2015 has been a big year for Longleaf. Our company has grown; we’ve hired new employees and sales volume has increased. Throughout this change, our most important challenge has been balancing customers’ project timetables with quality production. Everyone wants quality material and everyone wants it fast – an understandable demand.
We’ve worked hard to produce reclaimed wood flooring, paneling, beams, and countertops quickly without sacrificing quality. This is challenging because we won’t cut corners and we always give each order the time and care it deserves. This attention to detail means our lead times are not as short as our customers and we would like them to be.
That being said, we’re streamlining our production process by separating certain aspects of our reclaimed wood mill facility in Berwick, Maine. To achieve this goal, we’re constructing a brand-new warehouse and office building in one of our old inventory yards. This building will allow us to store more dry lumber and finished materials, cutting down on kiln times and storage-induced shipping delays. Our current facility in Berwick is only two buildings, one of which is stuffed to overflowing with completed orders and raw, dried stock.
Our new building will allow us to more easily load and unload trucks, organize lumber, and de-nail indoors. The front office space will give more flexibility to production management and will allow for a showroom for our Maine and New Hampshire customers. It will also free up our second building for expanded production activities.

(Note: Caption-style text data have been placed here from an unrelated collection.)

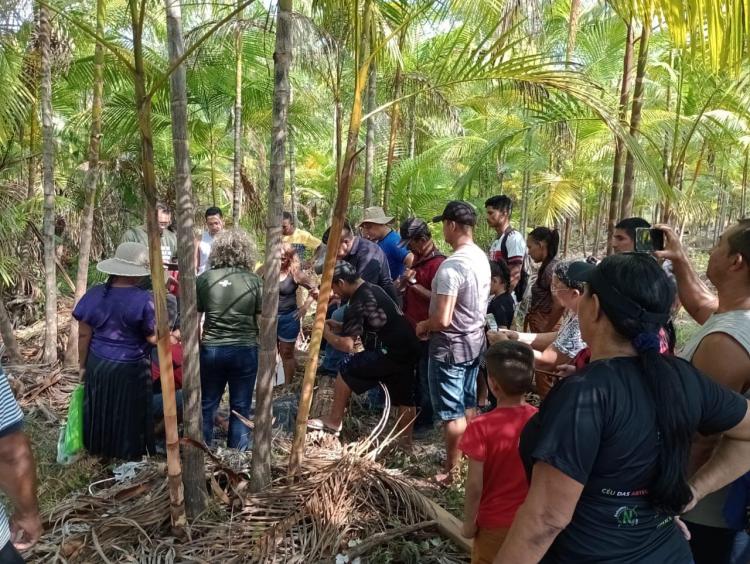 Empreendedores de Cutias participam de curso de boas práticas no manejo de açaí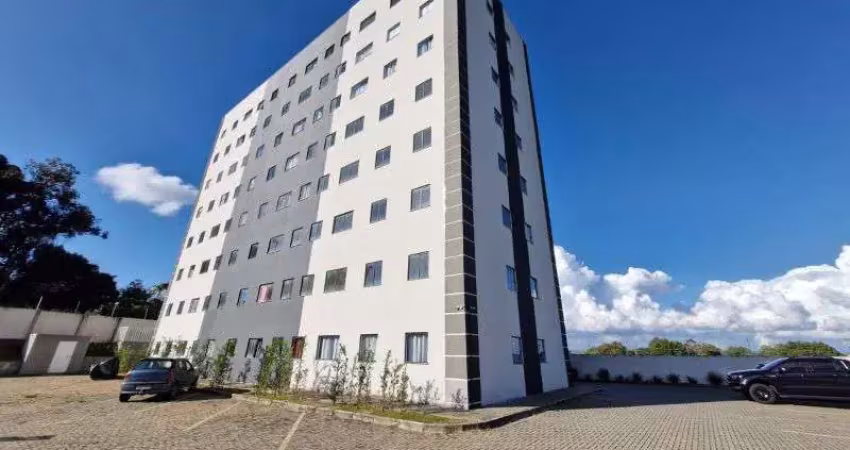 Apartamento com 3 quartos para alugar na Avenida Bispo Dom Geraldo Pellanda, 1296, Uvaranas, Ponta Grossa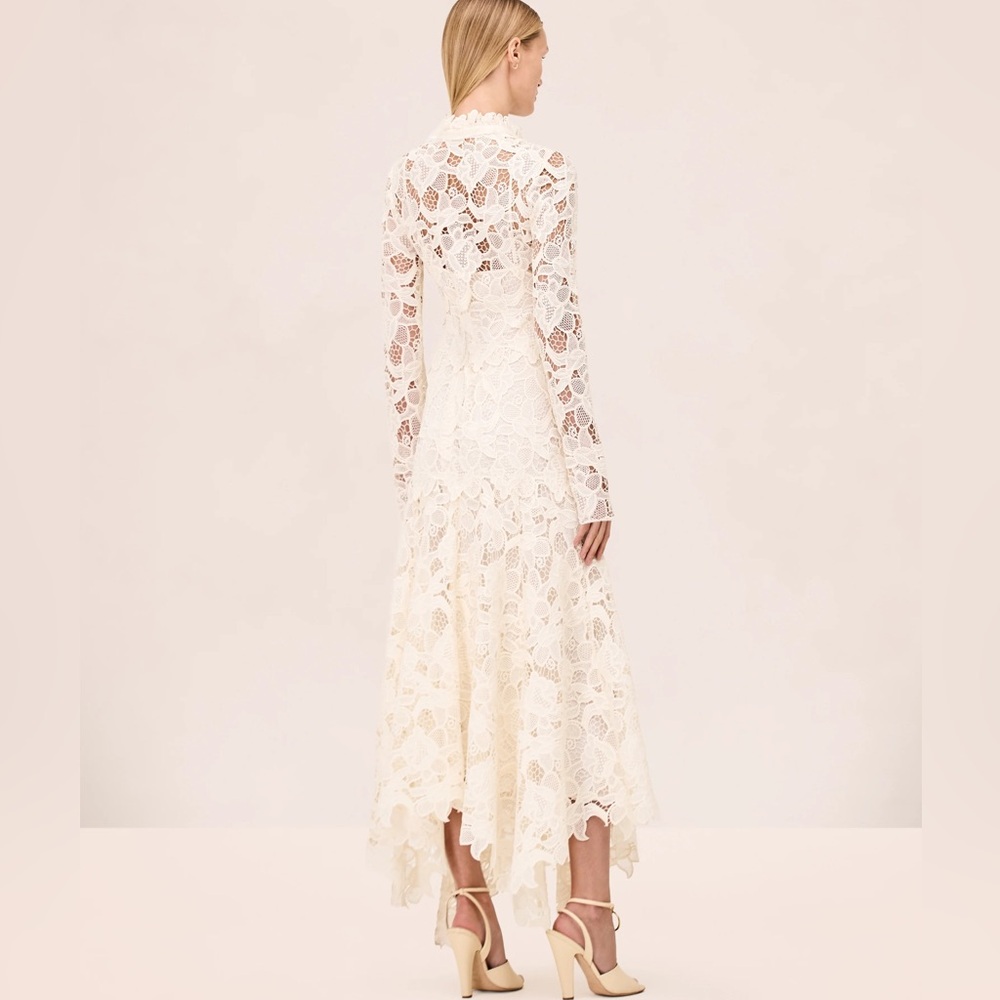 Alexis Cream Long Sleeve Lace Maxi Dress - Picture 3 of 6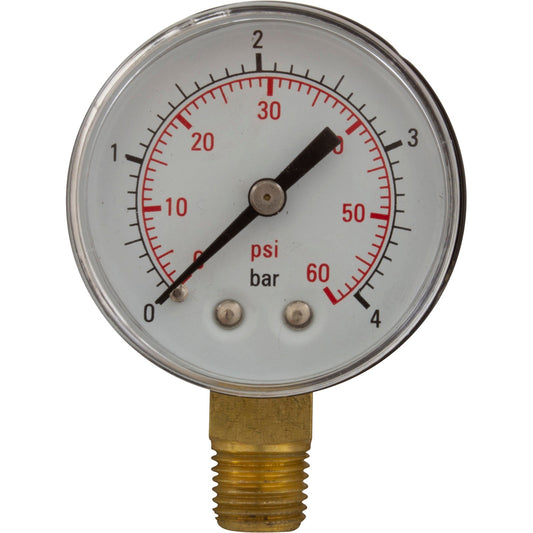 CMP Pressure Gauge for Pentair Filters 190058 25501-000-800 Front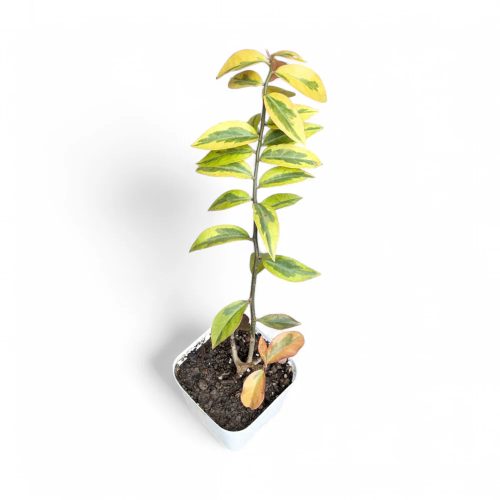 Lemon Vine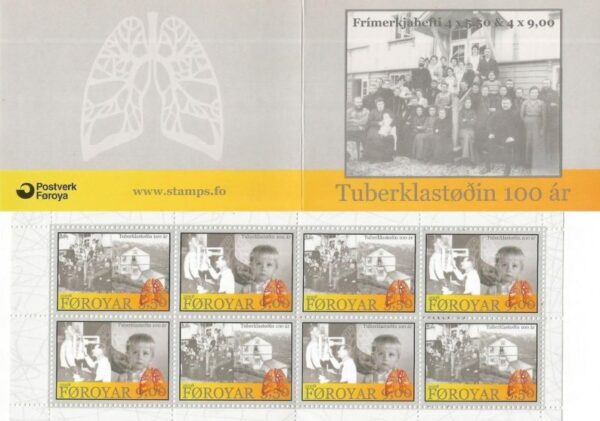 Faroe Islands Denmark 2008 100th Anniversary of the Tuberculosis Sanatorium Special minisheet in booklet MNH
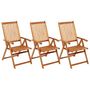 Voir la diapositive 2 : VIDAXL Chaises pliables de jardin lot de 3 avec coussins Bois d'acacia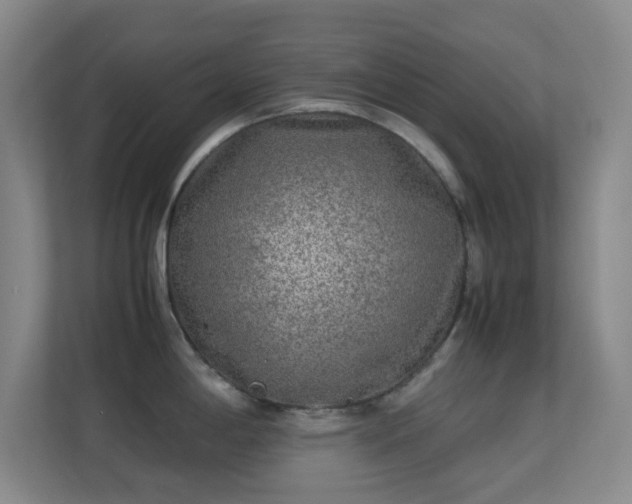 X0000113641198200909251234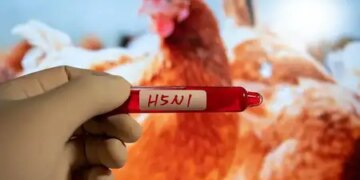 Three-year-old girl in Cambodia infected with H5N1 bird flu, Health Ministry confirms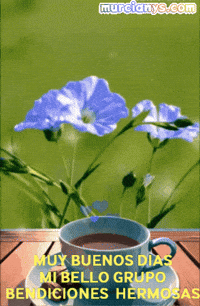 Muy Buenos Dias Feliz GIF by Murcianys LLC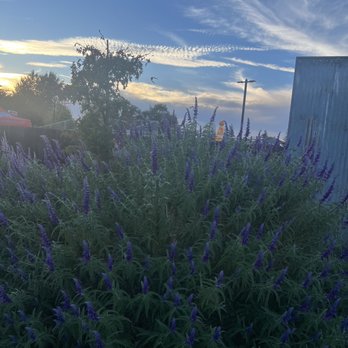 Bishop's Pumpkin Farm - Outside - Christmas Trees Near Me - Wheatland, California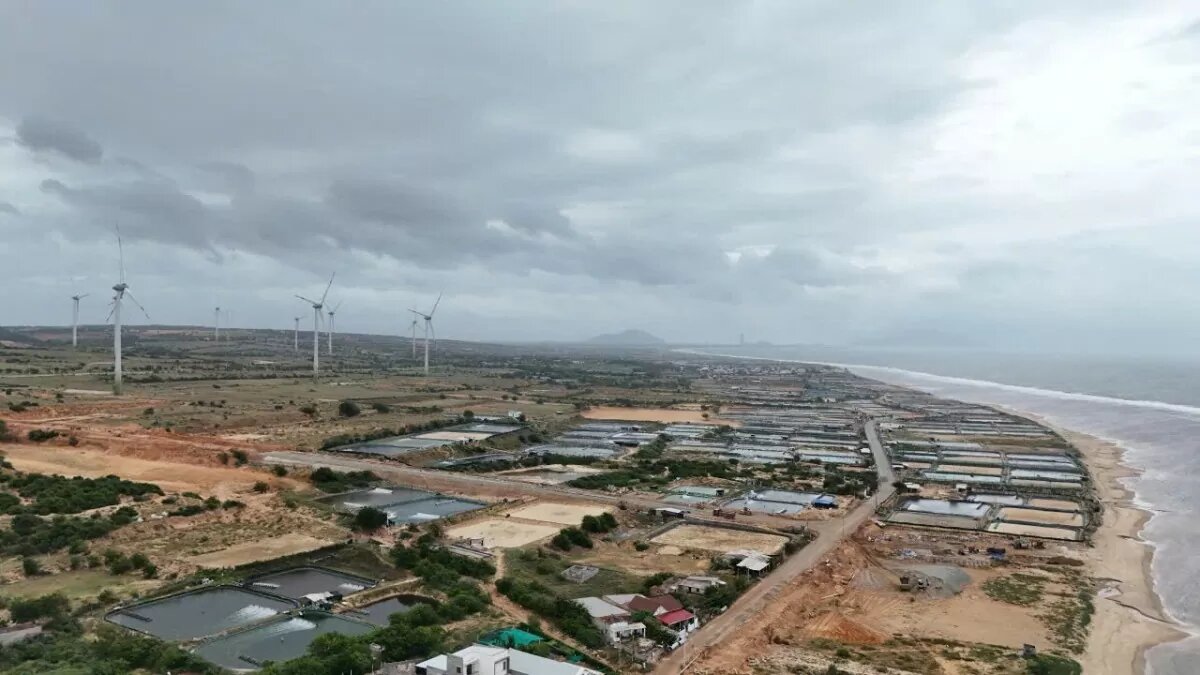 Cơ chế đặc thù cho bồi thường, hỗ trợ và 28BET nhà cái uy tín dẫn đầu nền tảng cá cược trực tuyến Dự án điện hạt nhân Ninh Thuận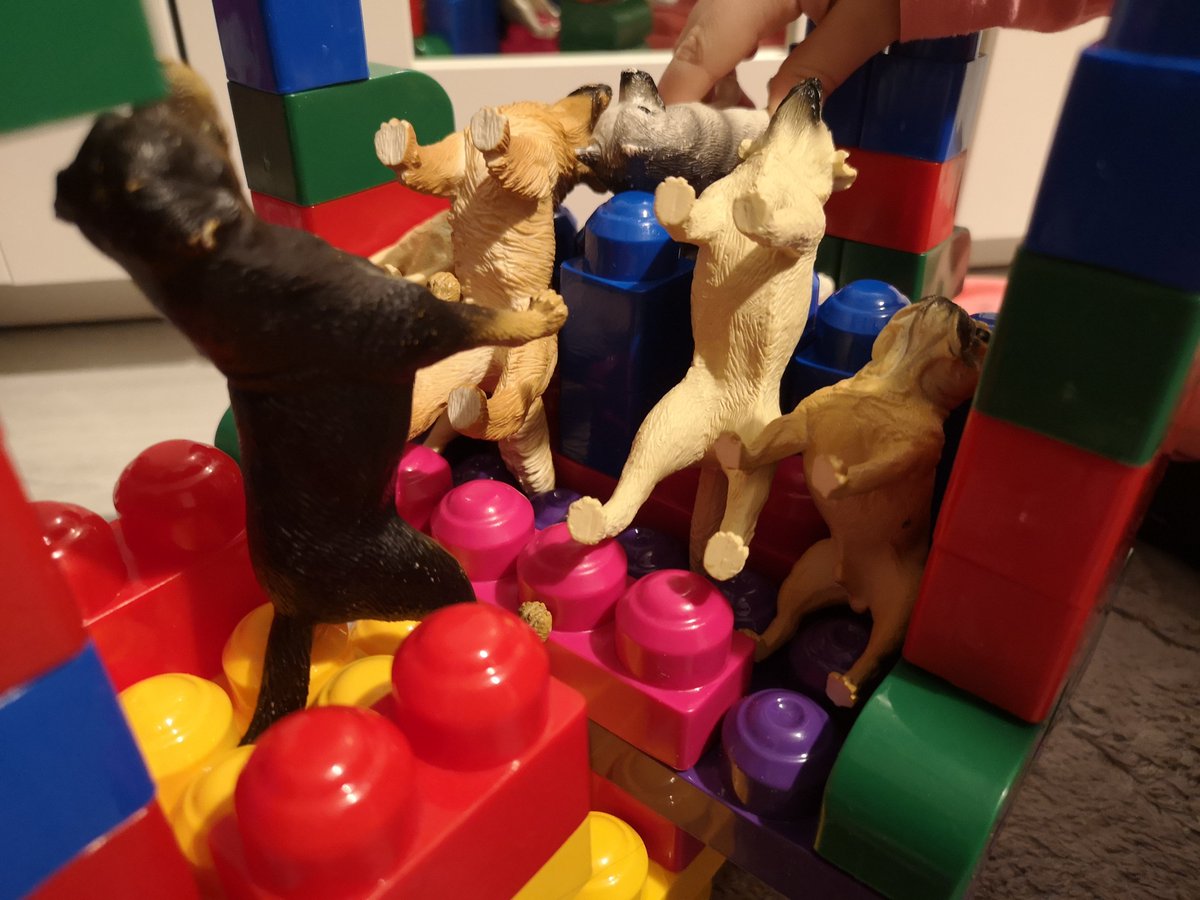 Dr. Timur B. Davletov :𐰴𐰴𐱂:𐱅𐰈𐰼𐰰 tweet media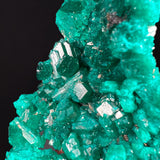 Close Up of Dioptase Crystals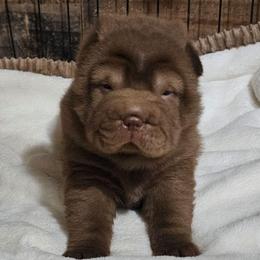 Harmony - Brown female Chinese Shar-Pei puppy in Minden, Louisiana from Zoey's Waggly Tails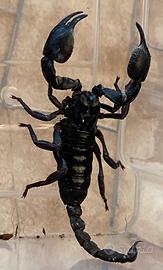 Scorpione heterometrus silenus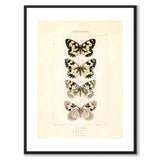 Papillons d'Europe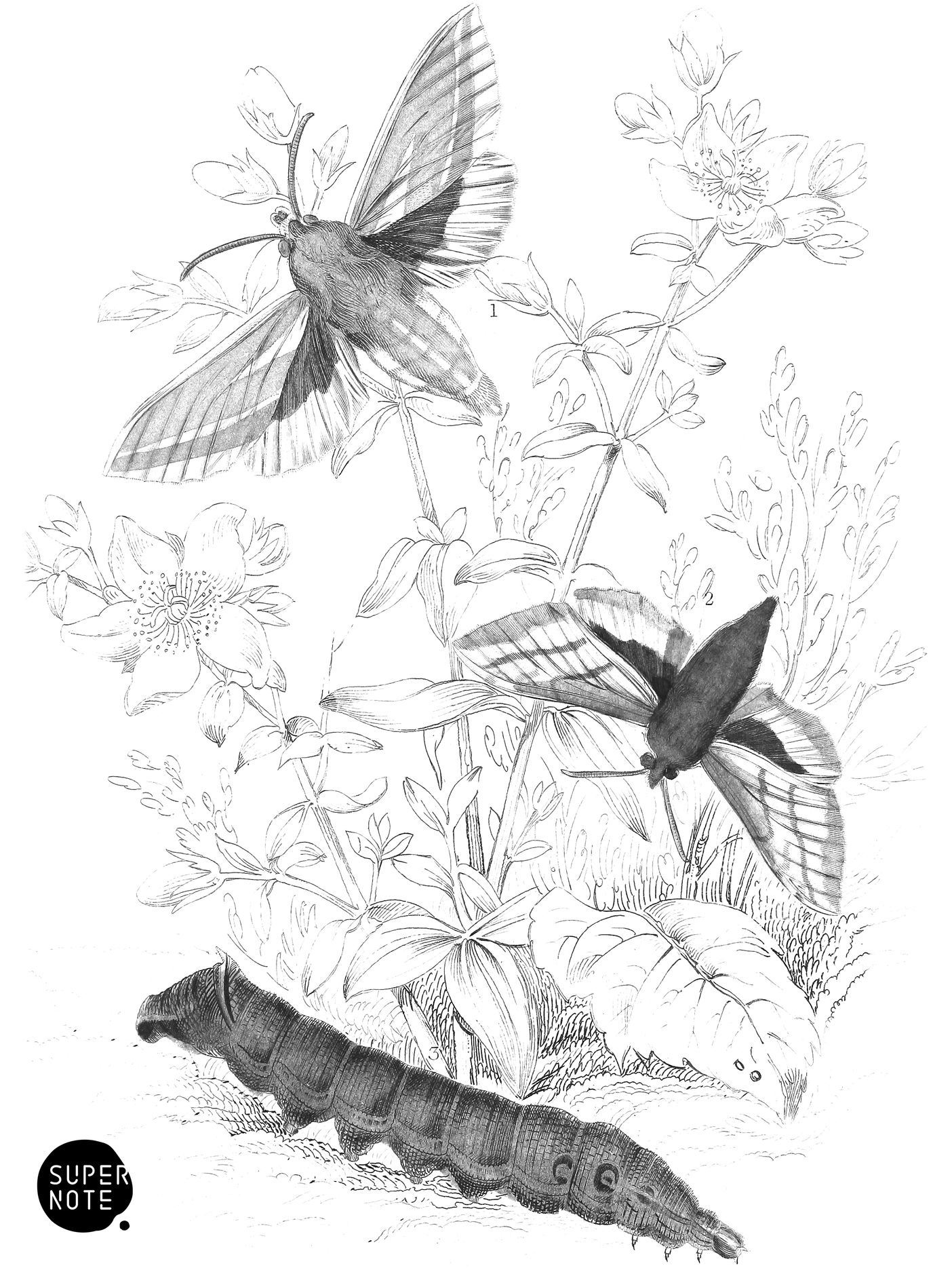 Elephant & Small Hawk-Moth (vol-14 plate-11).png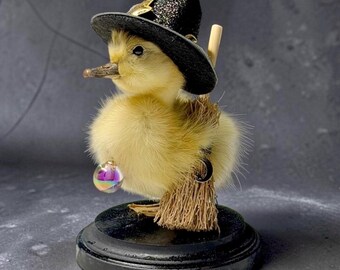 Duck duckling mummified skeleton specimen wet dried preserved oddities mystery box Curiosities taxidermy bone skull rare antique odd witch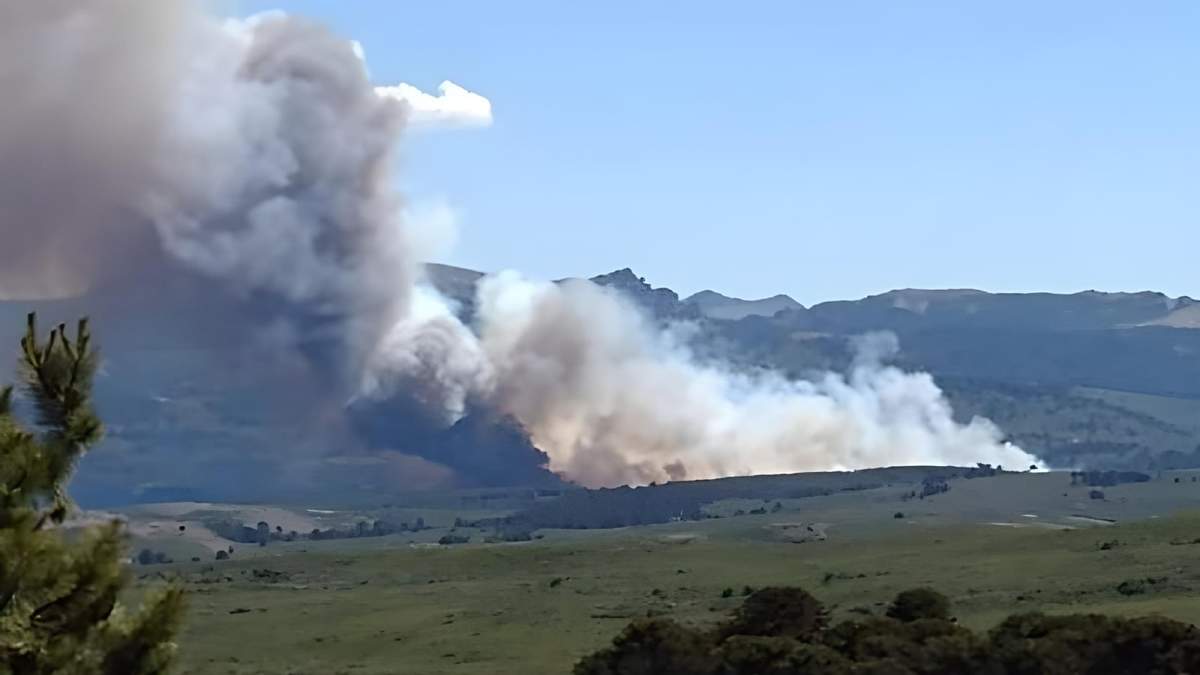 Incendio en Aluminé. Fuente: (Twitter)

The new building will play host to a 36kW solar panel array (our first), which we are beyond excited about. It’s no secret that lumber mills use a lot of electricity, and Longleaf’s particular attention to detail means we spend more time on each board (which means we consume more energy per board foot than a traditional mill). We’re especially thankful to the federal government and the USDA for the REAP program, which has allowed us to budget for the solar system. Although we won’t be able to generate all of our electricity, we will be closer to this goal than before. We’re tremendously concerned about climate change and hope to do more to reduce our energy consumption in the very near future.
In other news, we’ve decided to close our NYC brick-and-mortar showroom. We’ve always done a great deal of work in NYC and we’ve decided that this good work can continue without the logistical burden of our Garment District showroom. Those of you who have worked with Longleaf in New York City know that Alice travels to Manhattan to meet with clients on a by-appointment basis, which is a lot of work. After a few years of this tiring arrangement, we’ve decided it is healthier for our company to focus on production and outside sales.